Don't forget that BIG refrigerator out the back door! Take it down to about freezing fast and be amazed, I was.


----------



## nursebee (Sep 29, 2003)

I think there are a couple key points to make here:

FIRST and foremost, before considering bottling make sure it is done fermenting. Measurements with a hydrometer tell one this. Alternately one can add stuff that might stop fermentation. If I rack to a secondary it is to allow it to age off the lees/scum on the bottom of the primary carboy.

Second: If I rack off the lees, I do it to allow the stuff to clarify, age, and mellow. If I wait for it to clear in the primary, there is much less that will be left on the bottom of secondary demijohn. If there is less in 2nd, the bottled product will be clearer.

3rd: One has to decide upon a level of "better living thru chemistry" that one is happy with. I am not happy adding stuff to my fermentables so I let mine age a lot longer.
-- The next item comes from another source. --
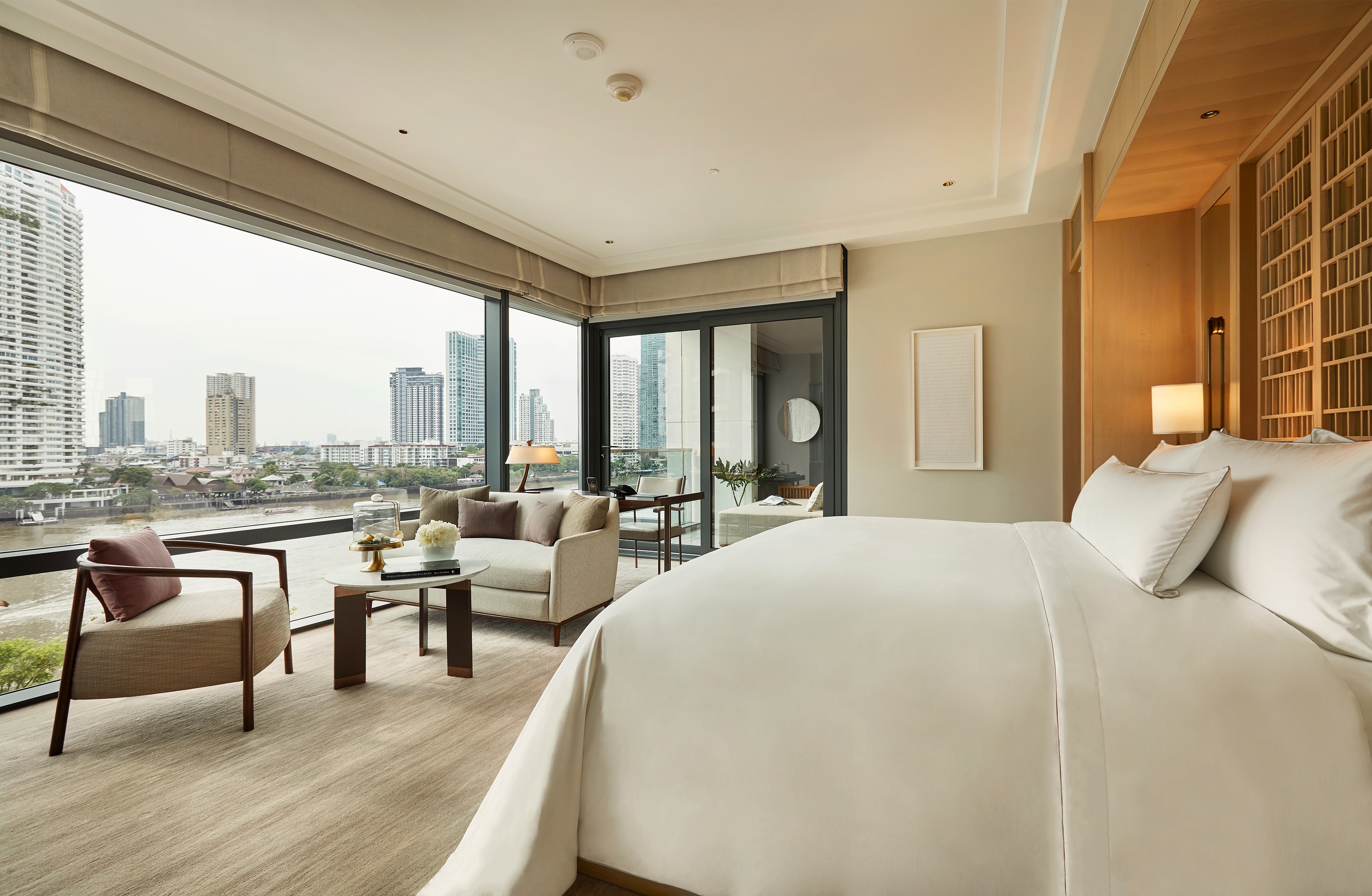 Capella-Bangkok_Riverfront-Premier_Guestroom_01-min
If you like speed and efficiency there are a lot of physical and chemical things that can be done to speed up clarity. I keep bees as I like the natural sweetener. Trying to keep it natural, I do not treat my bees. Why would I ruin this when I make alcohol with it?
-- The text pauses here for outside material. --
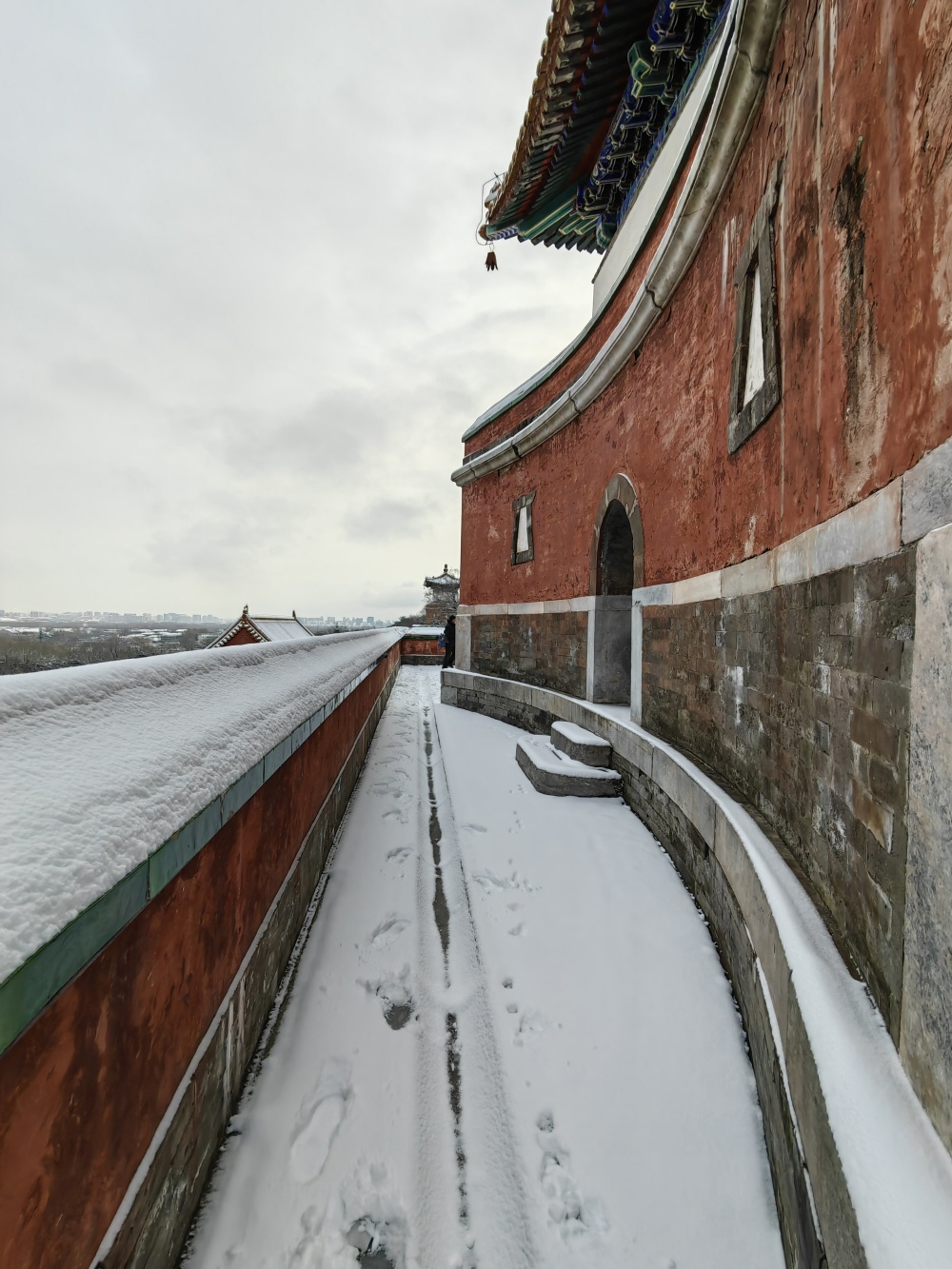 北京今冬迎初雪颐和园雪景如画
The last mead I racked sooner than a year or so was a mango mead as it had a lot of pulp. Otherwise I wait about a year to even test. I make enough mead that I do not get anxious over a single batch, just let them sit around, kind of like unused furniture.


----------



## Bsweet (Apr 9, 2010)

Time is the best thing for clearing. Becareful warming the mead, check the yeast info and see what temp it likes. I use Lavin D-47 and if it gets above 68 deg. you will get some nasty flavors. Jim


----------



## hipbee (Sep 11, 2009)

Well said nursebee, my wife says my brew room looks like a mad scientist! I only have 9 carboys setting around.
Bsweet is right to some yeast can leave some nasty flavors when to warm, my favorite mead yeast is the lavelin ec-118(spelling?) it ferments realy fast around 70, and usually clears enough for the first racking within a month after it stops bubbling. Then I will let the whole batch set for a year.


----------